RECORD EXCERPTS Start Marker

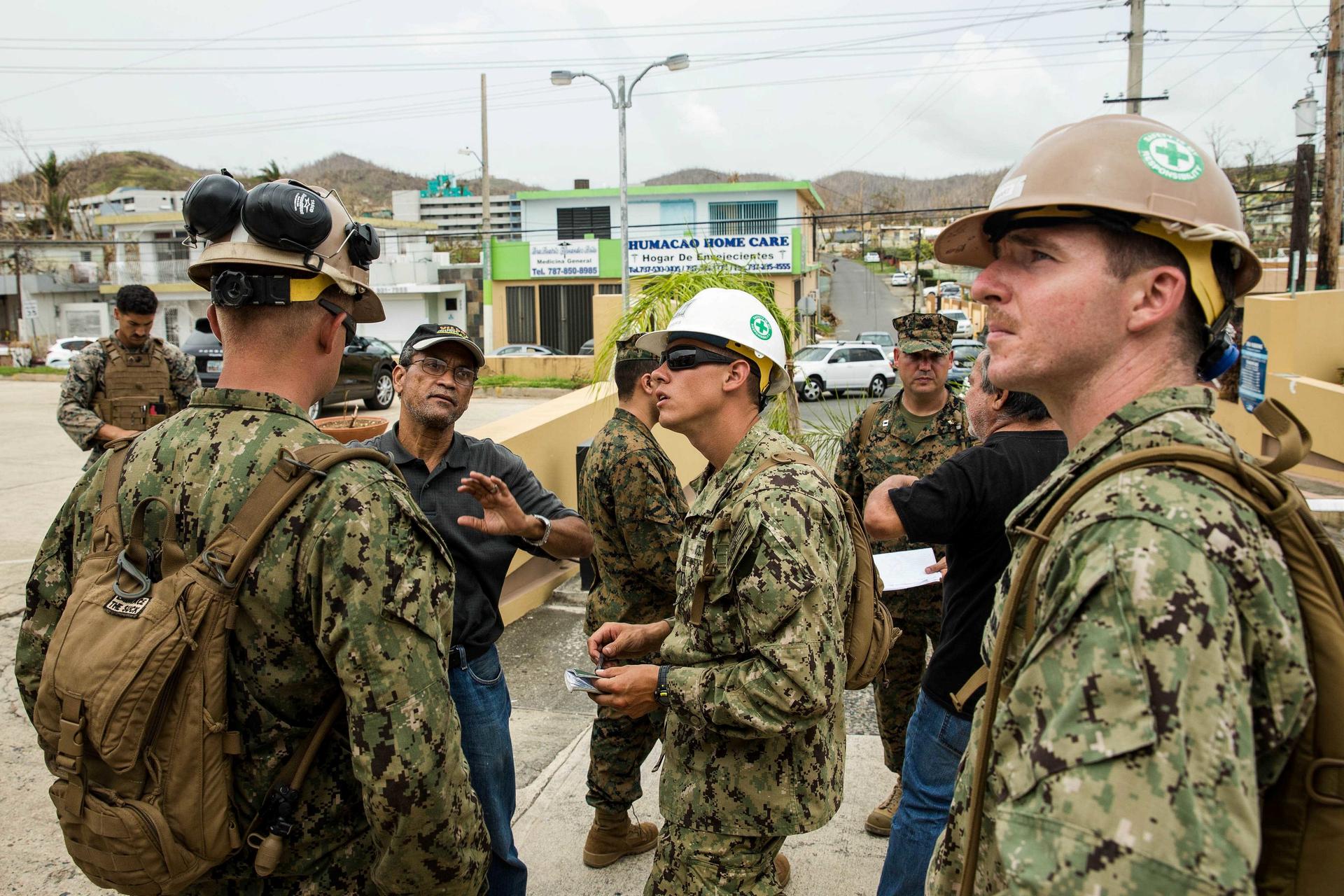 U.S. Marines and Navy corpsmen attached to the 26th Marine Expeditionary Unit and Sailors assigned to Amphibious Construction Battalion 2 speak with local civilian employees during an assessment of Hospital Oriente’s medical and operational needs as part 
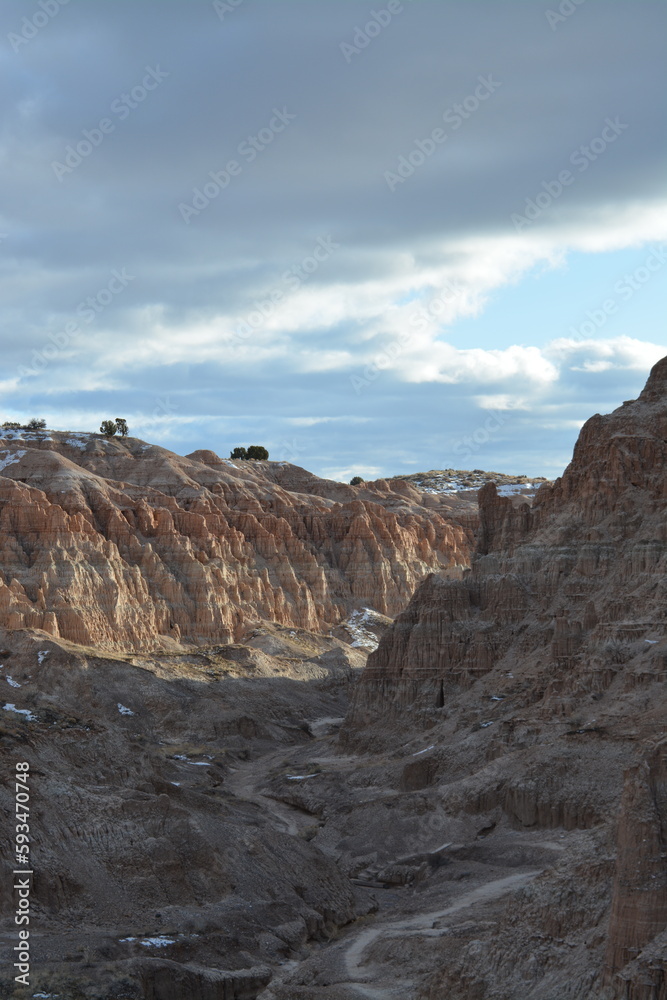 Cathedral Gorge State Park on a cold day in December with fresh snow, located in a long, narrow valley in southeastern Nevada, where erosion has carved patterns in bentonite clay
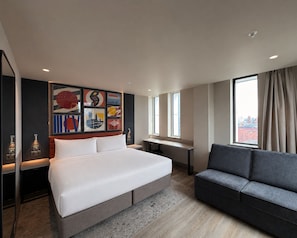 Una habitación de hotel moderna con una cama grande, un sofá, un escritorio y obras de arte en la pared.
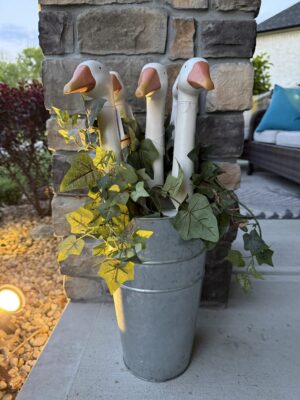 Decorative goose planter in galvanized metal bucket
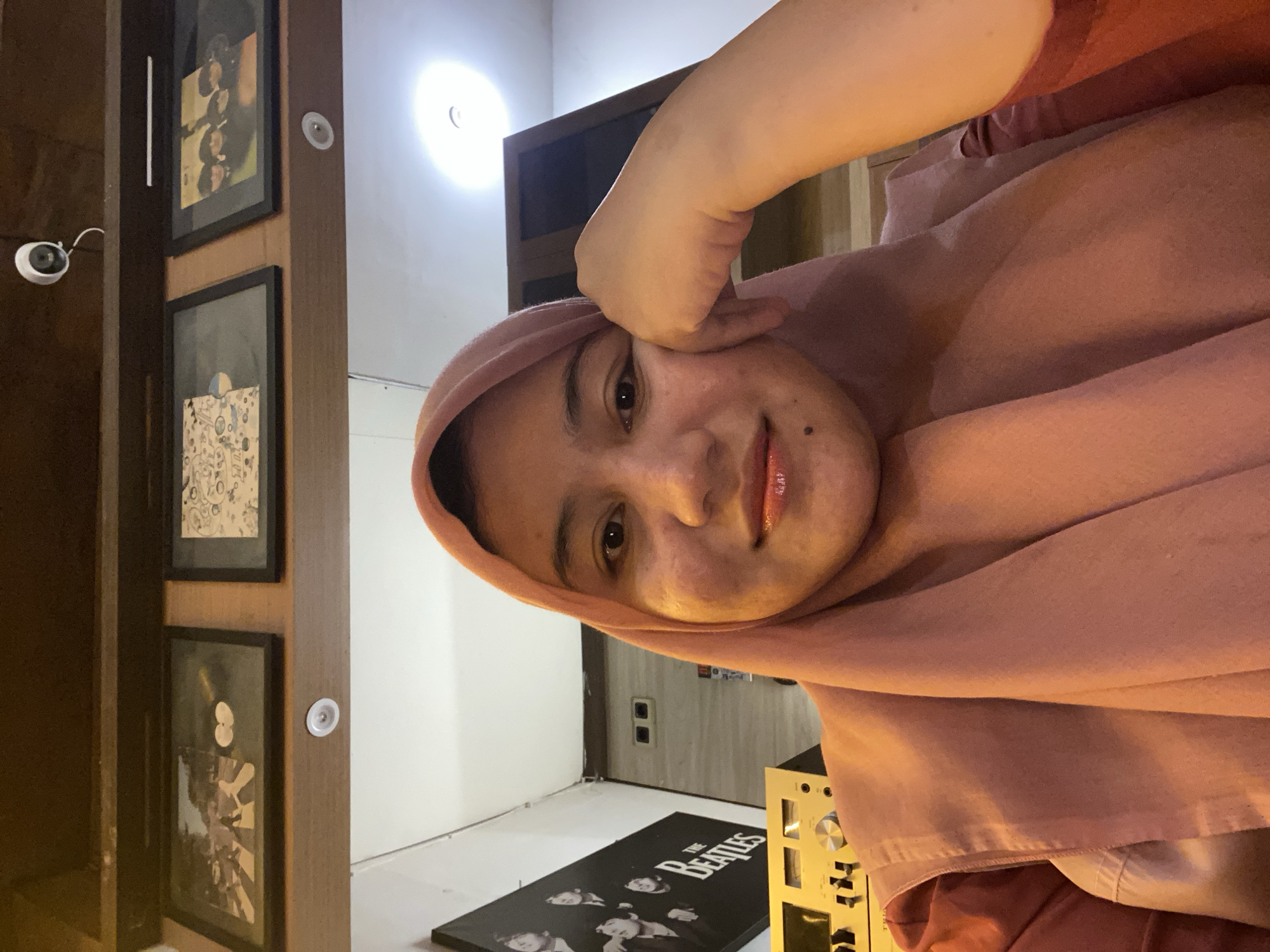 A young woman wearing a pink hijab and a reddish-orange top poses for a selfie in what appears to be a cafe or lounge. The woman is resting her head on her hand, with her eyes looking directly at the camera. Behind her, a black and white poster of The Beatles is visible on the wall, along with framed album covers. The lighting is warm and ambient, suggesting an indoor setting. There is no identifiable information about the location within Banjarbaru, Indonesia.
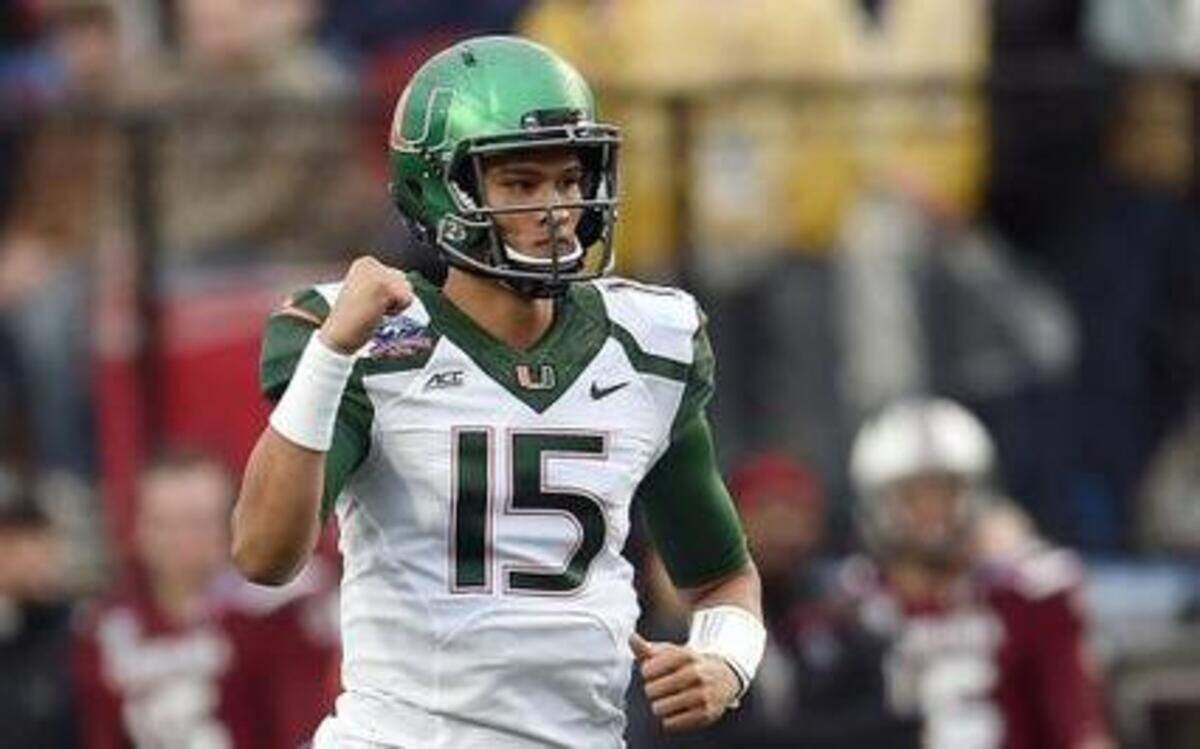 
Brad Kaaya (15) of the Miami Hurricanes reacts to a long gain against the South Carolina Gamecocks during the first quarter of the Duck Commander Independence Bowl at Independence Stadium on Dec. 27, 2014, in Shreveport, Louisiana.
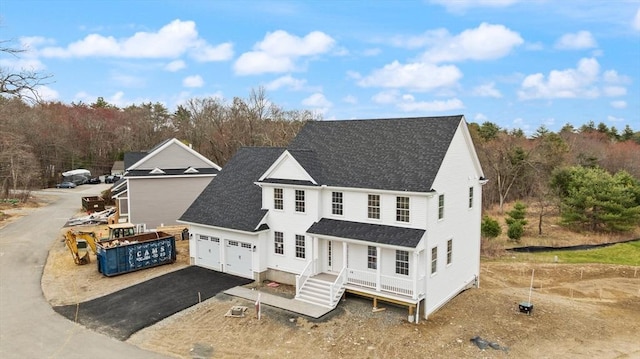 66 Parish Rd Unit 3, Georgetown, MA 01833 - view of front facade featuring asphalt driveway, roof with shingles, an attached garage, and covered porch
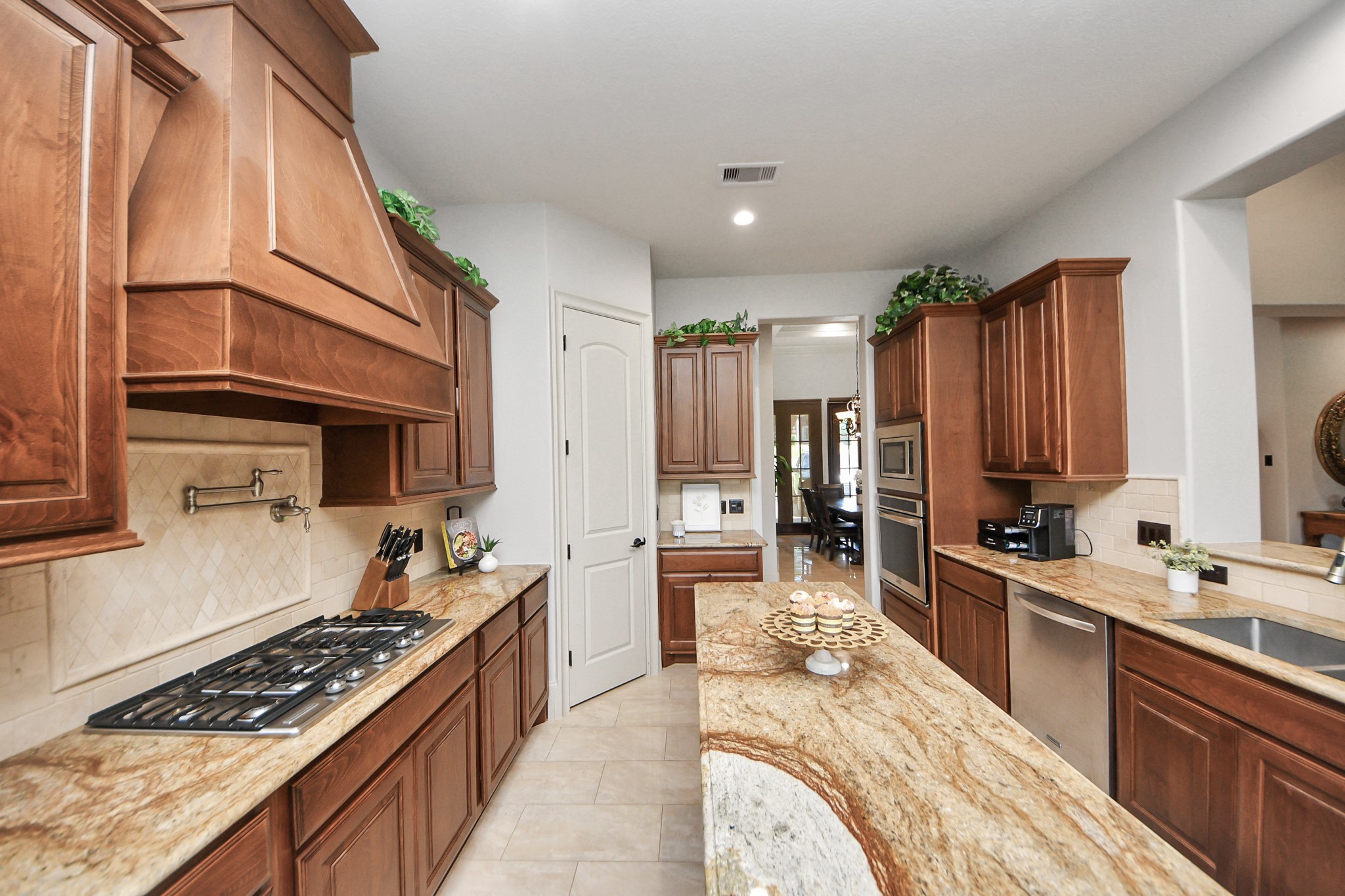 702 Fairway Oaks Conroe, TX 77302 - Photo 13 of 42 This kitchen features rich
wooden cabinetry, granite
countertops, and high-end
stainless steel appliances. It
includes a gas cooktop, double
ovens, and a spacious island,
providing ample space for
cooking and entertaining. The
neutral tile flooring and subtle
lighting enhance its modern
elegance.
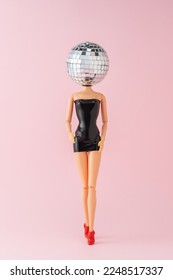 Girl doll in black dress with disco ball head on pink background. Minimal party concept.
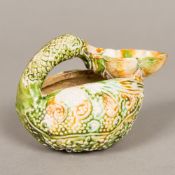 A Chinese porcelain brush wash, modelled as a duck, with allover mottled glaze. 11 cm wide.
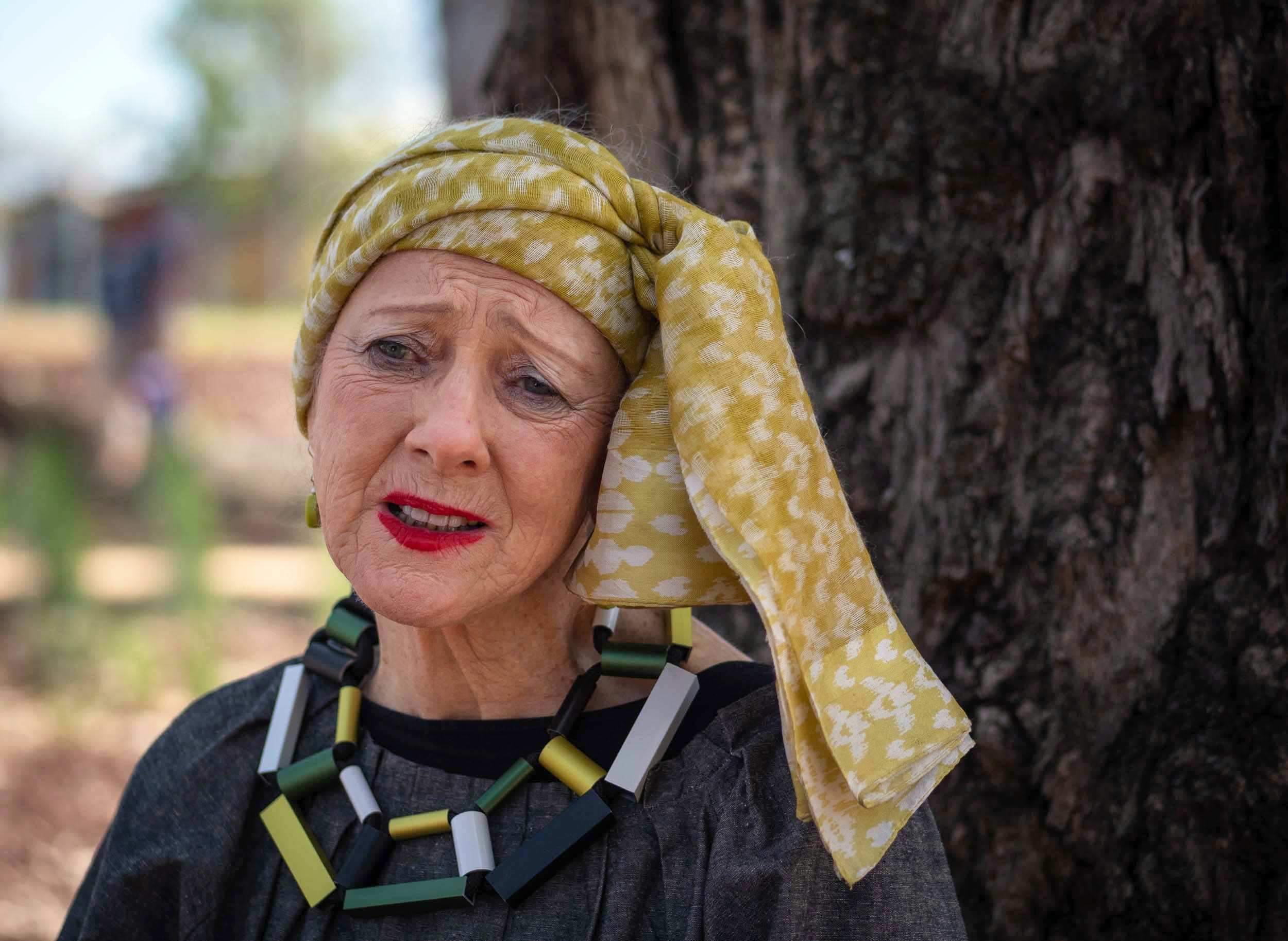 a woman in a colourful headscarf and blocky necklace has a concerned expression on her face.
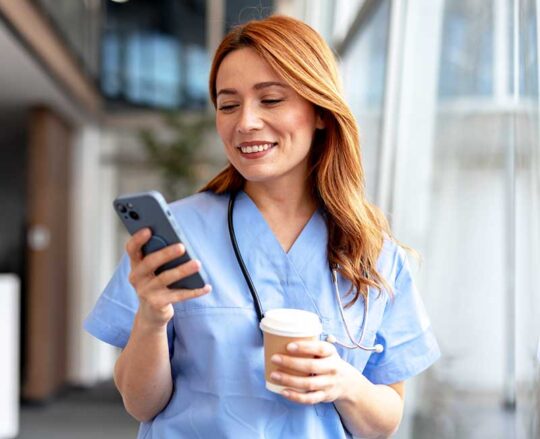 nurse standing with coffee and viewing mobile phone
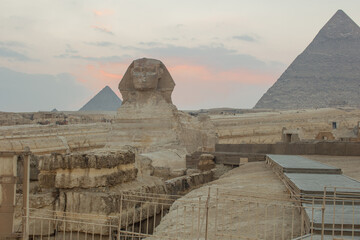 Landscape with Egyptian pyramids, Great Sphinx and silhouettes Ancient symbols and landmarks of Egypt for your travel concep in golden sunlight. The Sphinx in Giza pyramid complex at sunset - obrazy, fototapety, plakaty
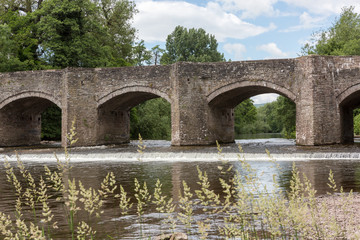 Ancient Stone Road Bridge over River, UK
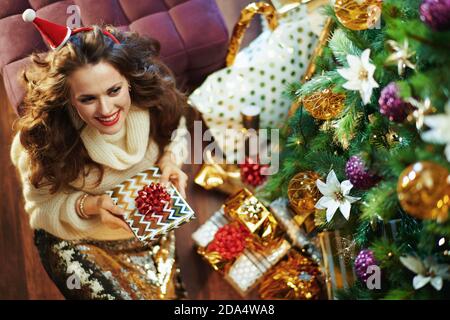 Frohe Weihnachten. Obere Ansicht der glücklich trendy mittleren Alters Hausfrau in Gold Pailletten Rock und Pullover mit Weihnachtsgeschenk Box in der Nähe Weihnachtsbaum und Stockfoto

RECORD EXCERPTS End Marker

DIRECTIONS: Only the lines from where the data begins to the line with "neutral tile flooring and subtle", both of them included, should be reproduced word for word; no pictures.

EXERCISE ANSWER:
 U.S. Marines and Navy corpsmen attached to the 26th Marine Expeditionary Unit and Sailors assigned to Amphibious Construction Battalion 2 speak with local civilian employees during an assessment of Hospital Oriente’s medical and operational needs as part 
 Cathedral Gorge State Park on a cold day in December with fresh snow, located in a long, narrow valley in southeastern Nevada, where erosion has carved patterns in bentonite clay
 Una habitación de hotel moderna con una cama grande, un sofá, un escritorio y obras de arte en la pared.
 Decorative goose planter in galvanized metal bucket
 A young woman wearing a pink hijab and a reddish-orange top poses for a selfie in what appears to be a cafe or lounge. The woman is resting her head on her hand, with her eyes looking directly at the camera. Behind her, a black and white poster of The Beatles is visible on the wall, along with framed album covers. The lighting is warm and ambient, suggesting an indoor setting. There is no identifiable information about the location within Banjarbaru, Indonesia.
Brad Kaaya (15) of the Miami Hurricanes reacts to a long gain against the South Carolina Gamecocks during the first quarter of the Duck Commander Independence Bowl at Independence Stadium on Dec. 27, 2014, in Shreveport, Louisiana.
 66 Parish Rd Unit 3, Georgetown, MA 01833 - view of front facade featuring asphalt driveway, roof with shingles, an attached garage, and covered porch
 702 Fairway Oaks Conroe, TX 77302 - Photo 13 of 42 This kitchen features rich
wooden cabinetry, granite
countertops, and high-end
stainless steel appliances. It
includes a gas cooktop, double
ovens, and a spacious island,
providing ample space for
cooking and entertaining. The
neutral tile flooring and subtle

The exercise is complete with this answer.